I’d have to tell them. All of them.

My breath hitched again, and some of that pain I’d let go of trickled back in before I even looked at Chase.

It hurt, finding out about the affair, and I still felt it. It hurt more when I thought about Mom with Selena only a baby herself when Dad was with Brandon’s mom. It happened nearly two decades ago, but the wound for me was fresh, and it would be for Mom—Selena too—when she found out. We wouldn’t suddenly be wrapped up together in a family hug, anxious and excited to welcome Brandon into the fold.

I didn’t know what any of them would do, least of all Brandon. He didn’t know a thing about us; he didn’t even know he had another sister, one who played the guitar just like him.

I started, a different kind of panic jolting me from Chase’s arms. “Selena’s singing at Lava Java tonight. What time is it?” I didn’t wait for his answer—the fading sky told me all I needed to know. I raised my hands to my head and said a word. Then I said it again, looking at him. “It’s the first time she’s letting anyone in our family come see her, and I promised her I wouldn’t be late. I have to go.”
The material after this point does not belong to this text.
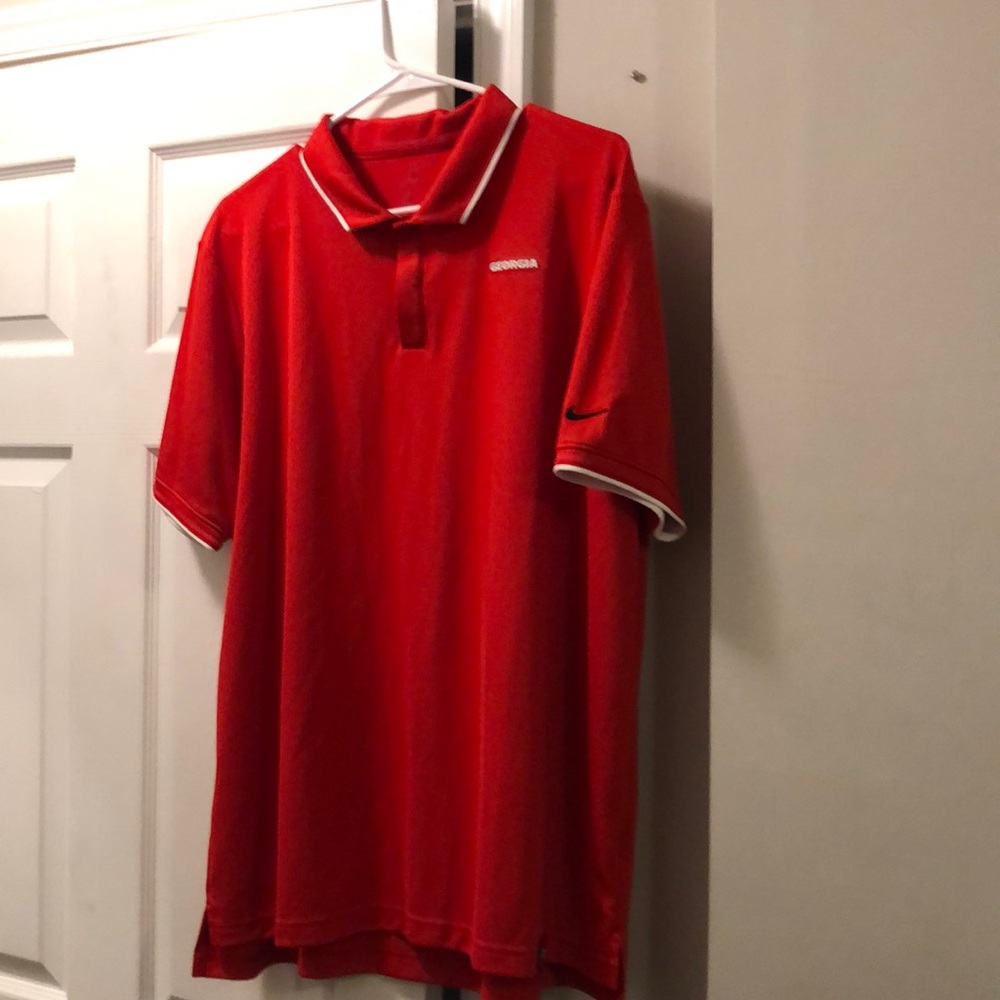 Nike University of Georgia Bulldogs Red Nike Performance Polo XL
“Right now? Dana, what just happened?”

My stomach clenched as I headed in a half jog to my car. “I should have already left.” That was more true than I could let myself admit.

“Wait, or let me drive you.” He caught my hand as I reached to open my door. “Talk to me.”

“I can’t,” I said, and even whispering the words hurt. “I have to go. I’m sorry.”

He let go of my hand, but his hung in the air between us, and that trickle of pain became a stream. As I drove off, I watched Chase in my rearview mirror until it hurt too much to keep looking at him, wishing my heart could shut out what I didn’t want to feel as easily as my eyes could close on what I didn’t want to see. I hadn’t wanted to leave him like that. I hadn’t wanted to leave him at all, but the second I thought about Selena performing tonight—in less than an hour, according to the clock in my car—I had to go, and I had to at least try to bring someone else to hear her too.

CHAPTER 32

Idrove to Jungle Juice without a clear plan in mind, hoping that once I saw Brandon, I’d know what to say.

Chase wasn’t there, of course, but I was gambling on Brandon’s schedule, even as I pulled the door open and walked inside. Screaming monkeys and the girl my brother had a crush on greeted me.